Below are entries with pictures in them. Output exactly the lines starting at the line with "Read Hell's Paradise EN Manga Online" and ending at the line with "Lmi Liquid Metronics DR5000-1AC-0", both included, but not the pictures.

▶ [DATA EXCERPTS]
+ + + + + + +

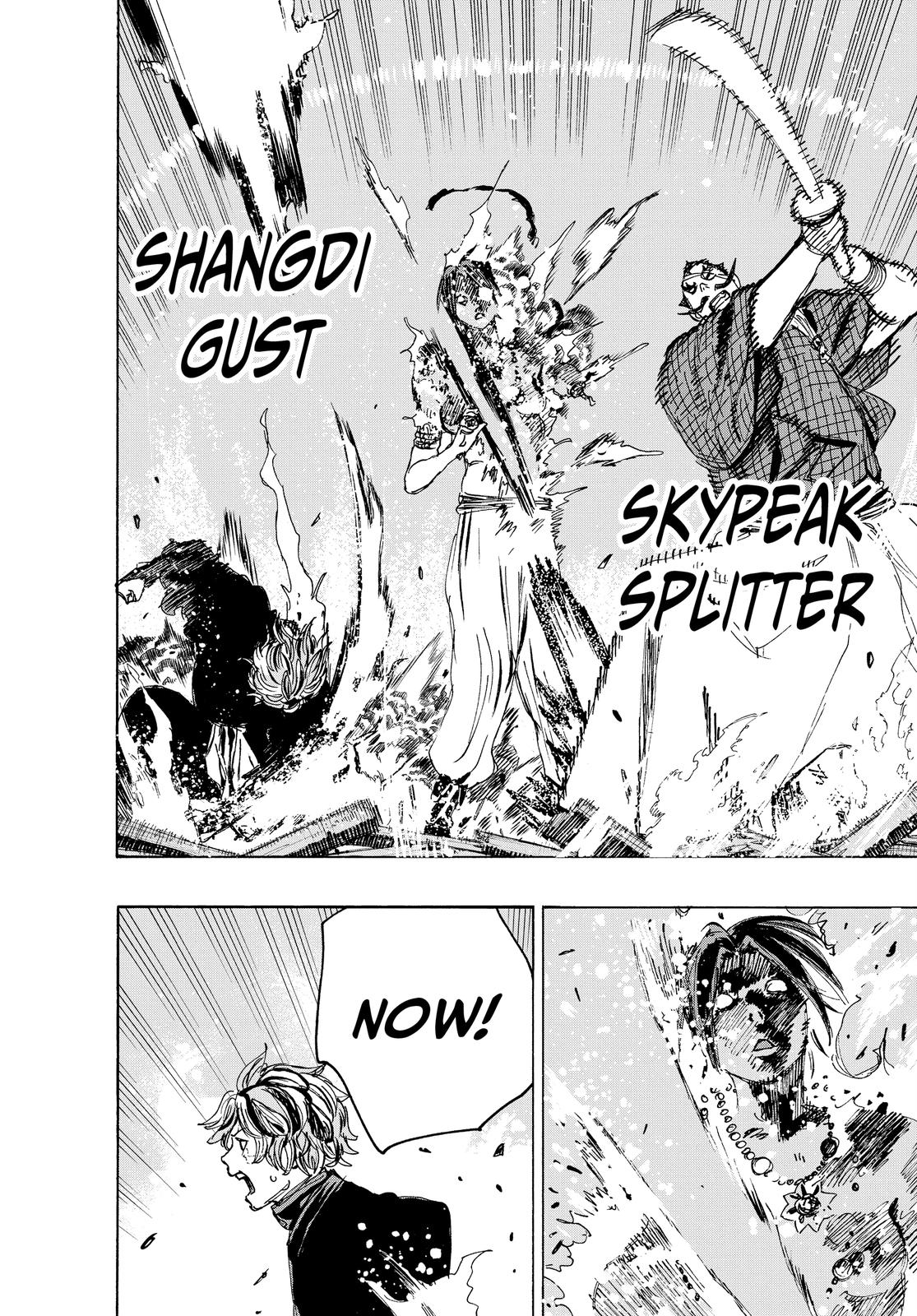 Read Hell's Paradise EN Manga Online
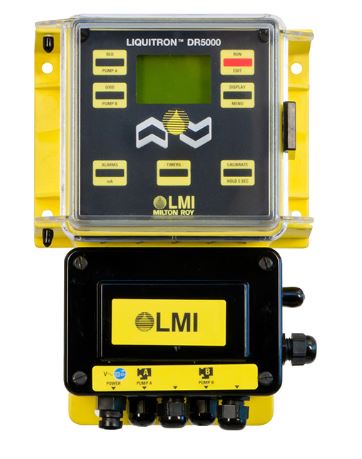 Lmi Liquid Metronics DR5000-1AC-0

+ + + + + + +

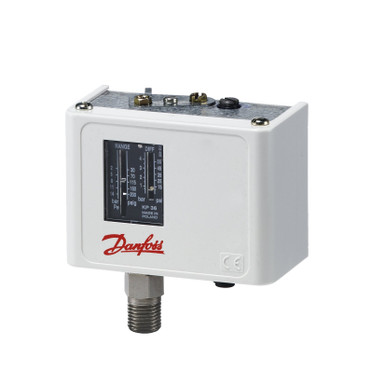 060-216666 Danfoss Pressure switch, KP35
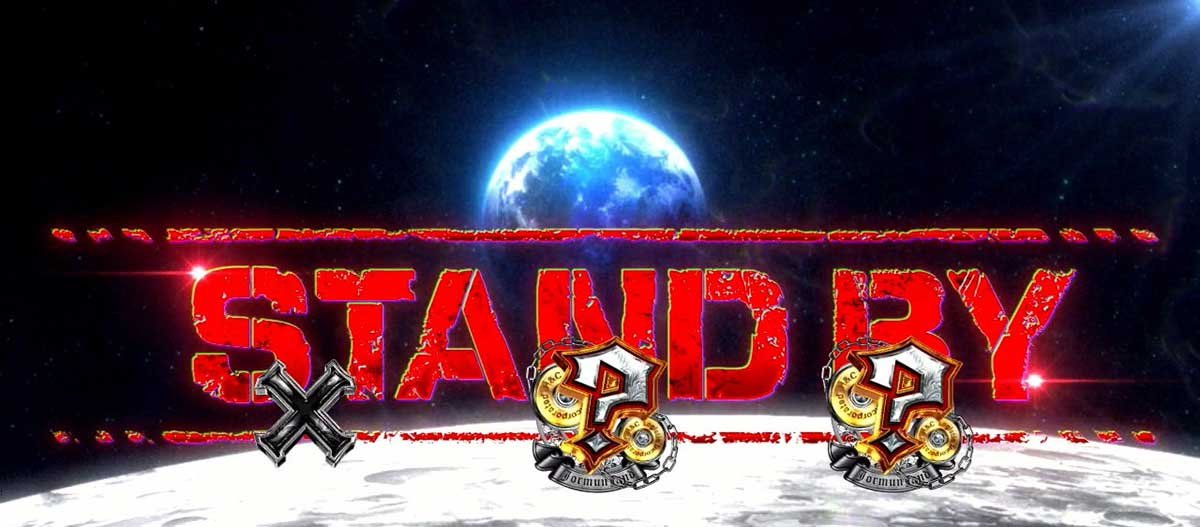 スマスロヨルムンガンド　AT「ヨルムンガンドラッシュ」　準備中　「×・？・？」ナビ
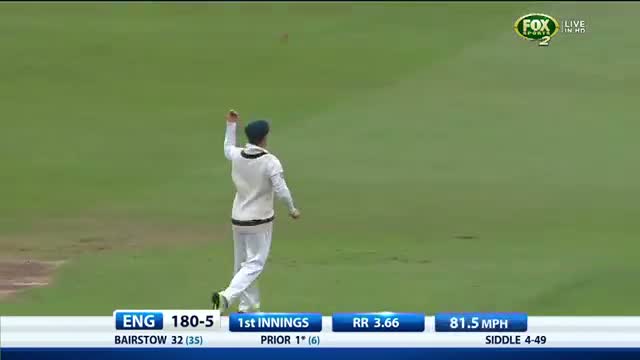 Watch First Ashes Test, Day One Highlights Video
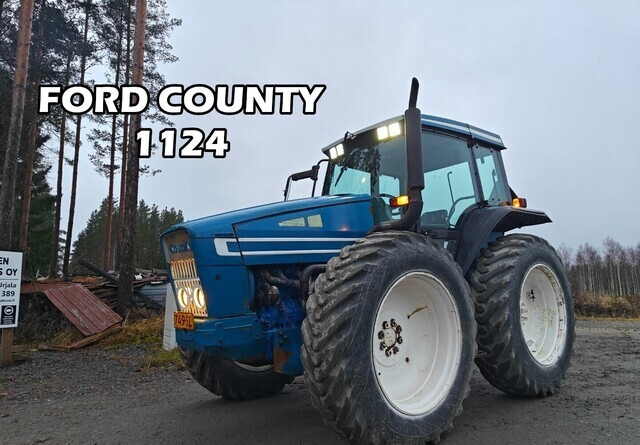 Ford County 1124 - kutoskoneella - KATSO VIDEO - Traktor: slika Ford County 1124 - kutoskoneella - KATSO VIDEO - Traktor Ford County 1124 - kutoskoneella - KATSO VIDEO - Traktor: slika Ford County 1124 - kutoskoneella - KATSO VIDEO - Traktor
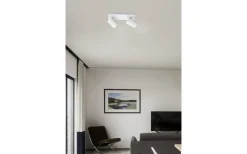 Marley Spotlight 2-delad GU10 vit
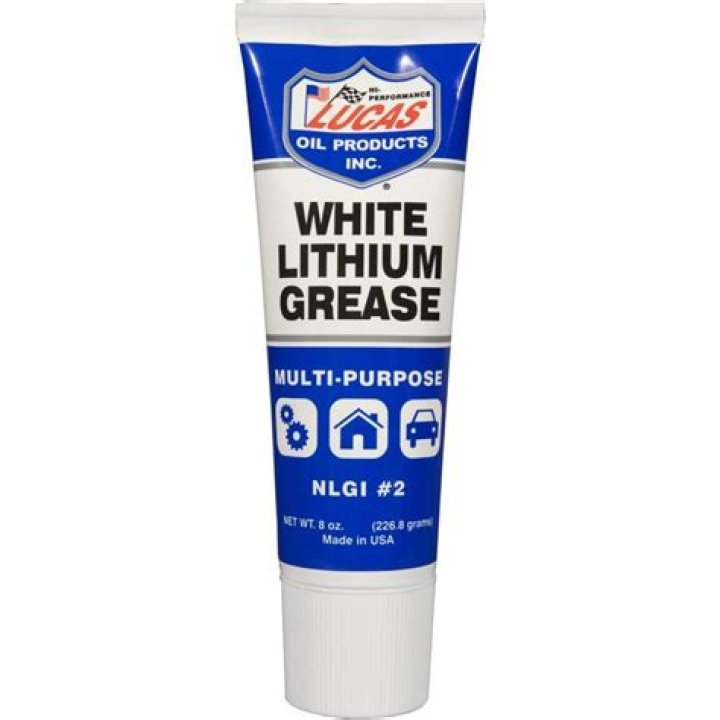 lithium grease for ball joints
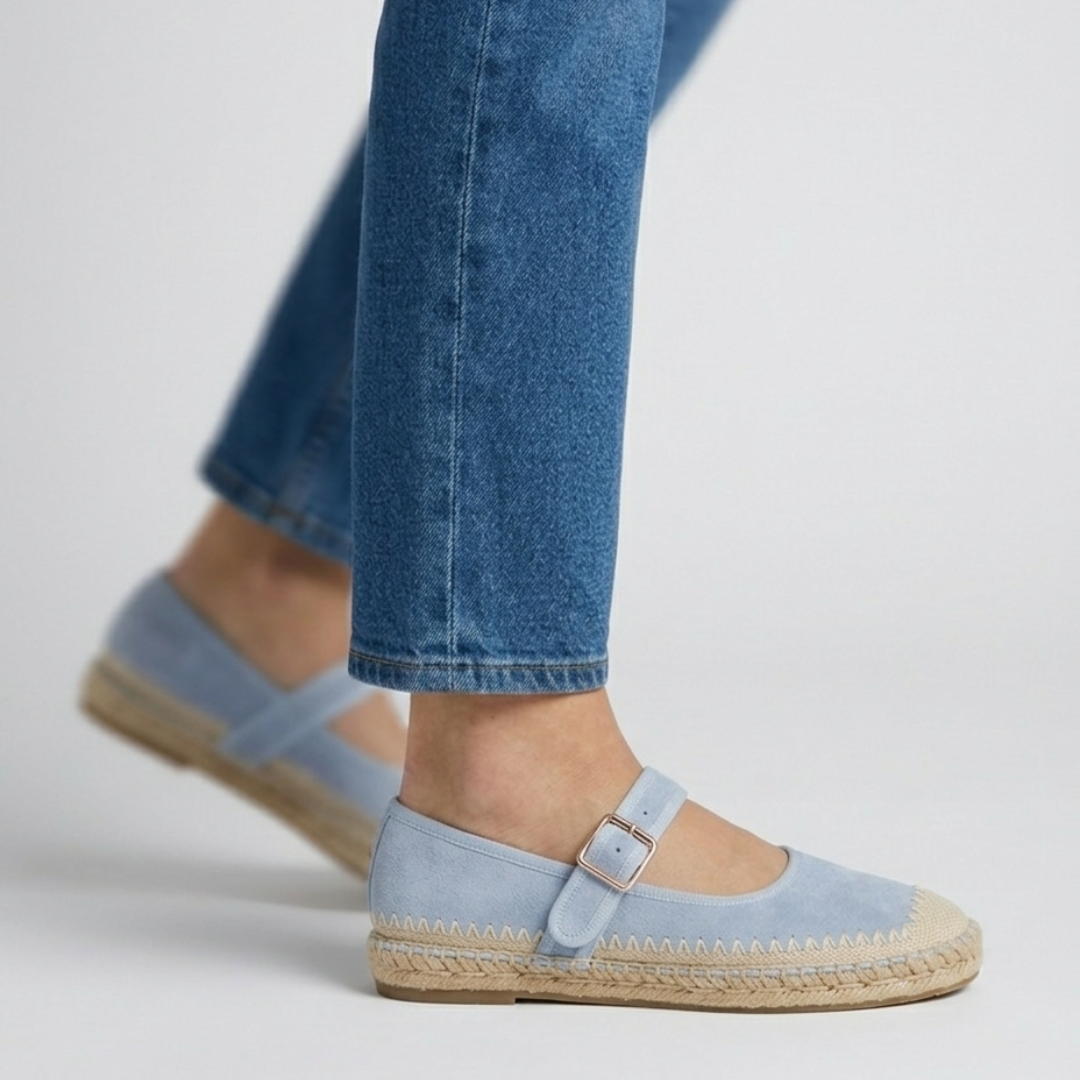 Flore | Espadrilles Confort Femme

+ + + + + + +

▶ [RESPONSE TO THE TASK]
 Read Hell's Paradise EN Manga Online
 Lmi Liquid Metronics DR5000-1AC-0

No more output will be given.